Layers of culture intertwine, making N. Indiana home

Last Wednesday evening I drove to Elkhart. I went to the Roosevelt Center, which was the elementary school I attended in the early 1980s.

I sat in a chair on the hardwood floor of the gym where I played basketball with kids from the neighborhood. I listened to a conversation between current residents of this neighborhood and Dr. Vincent Harding.

Dr. Harding was a close friend of and worker with Dr. Martin Luther King, and helped to write some of the most important words King spoke.

For a while I listened for Dr. Harding to say something that would tie this conversation about human dignity to the struggle for ecological consciousness here and around the world. But as I became aware of how remarkable this conversation was on its own merits, and how life-giving this small moment in the night in the middle of the week in the middle of the winter, I stopped trying to fit it into the lens of green ethics.
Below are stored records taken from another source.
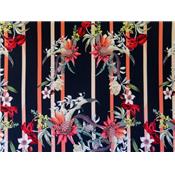 Tissu Jersey Viscose / Elasthanne Marine Imprimé Rayures & Fleurs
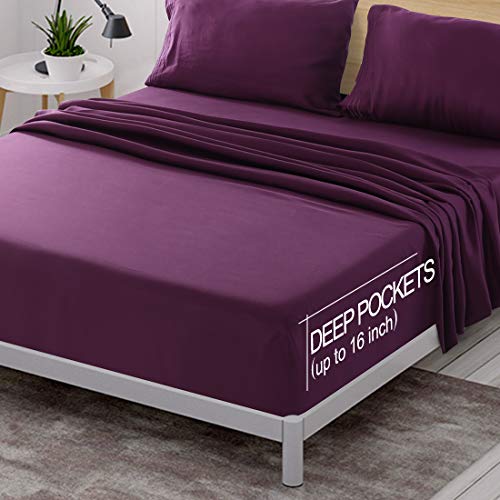 Abakan Queen Bed Sheet Set 4 Piece Super Soft Brushed Microfiber 1800 Thread Count Hotel Luxury Egyptian Sheet Breathable, Wrinkle, Fade Resistant Deep Pocket Bedding Sheet Set (Queen, Purple)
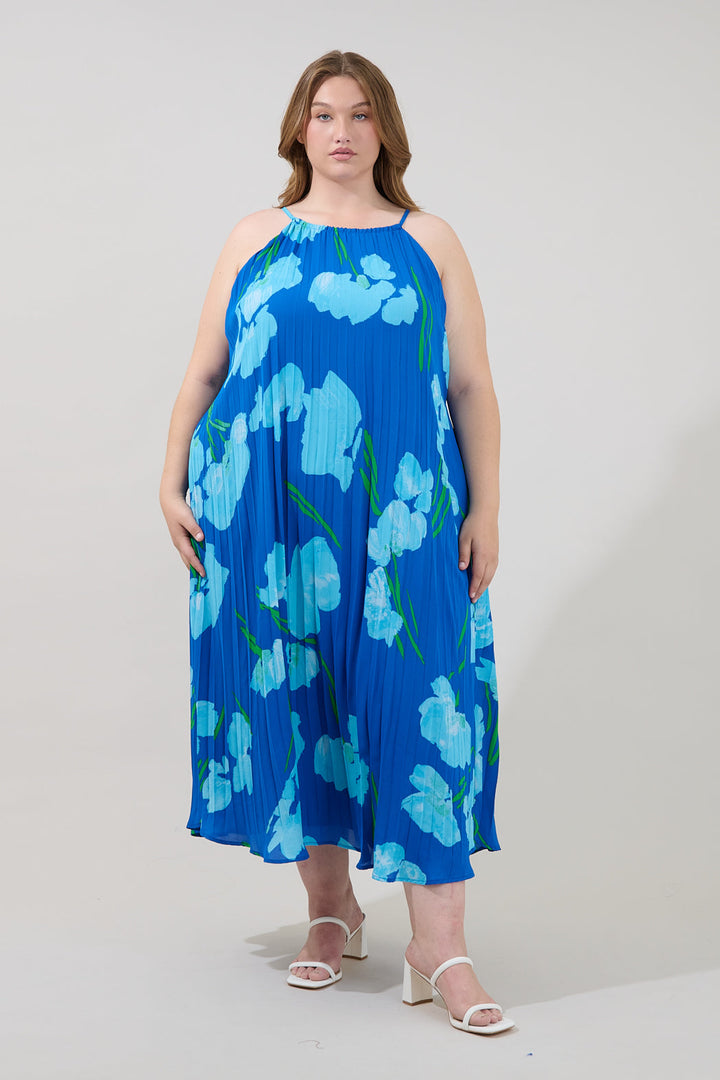 Maly Pleated Midi Dress Floral Curve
Young Latinas, recent high school graduates, were talking about their efforts to make it possible for undocumented immigrant children to access colleges in Indiana. Black and white men were talking about their work to keep people in their homes and at their jobs. Other women talked about the superhuman efforts of poor people to survive daily life.



To each of these, Dr. Harding responded quietly, carefully and with a lot of love.

He affirmed the work and diligence of all these people. He didn’t seek to relate the stories of these people to his own experiences, so much as to tie all of these stories together.

Slowly, over the course of the evening, what emerged was a feeling that all of these people mattered — those who talked, as well as those who didn’t.

I know it’s trite and cryptic to say that everyone matters. None of us in that old gym have ever worked with someone like MLK to whom is attributed so much courage and vision and fundamental change — and probably none of us ever will. And yet, what Dr. Harding was able to communicate was that each tiny effort toward the good of other people benefits all people.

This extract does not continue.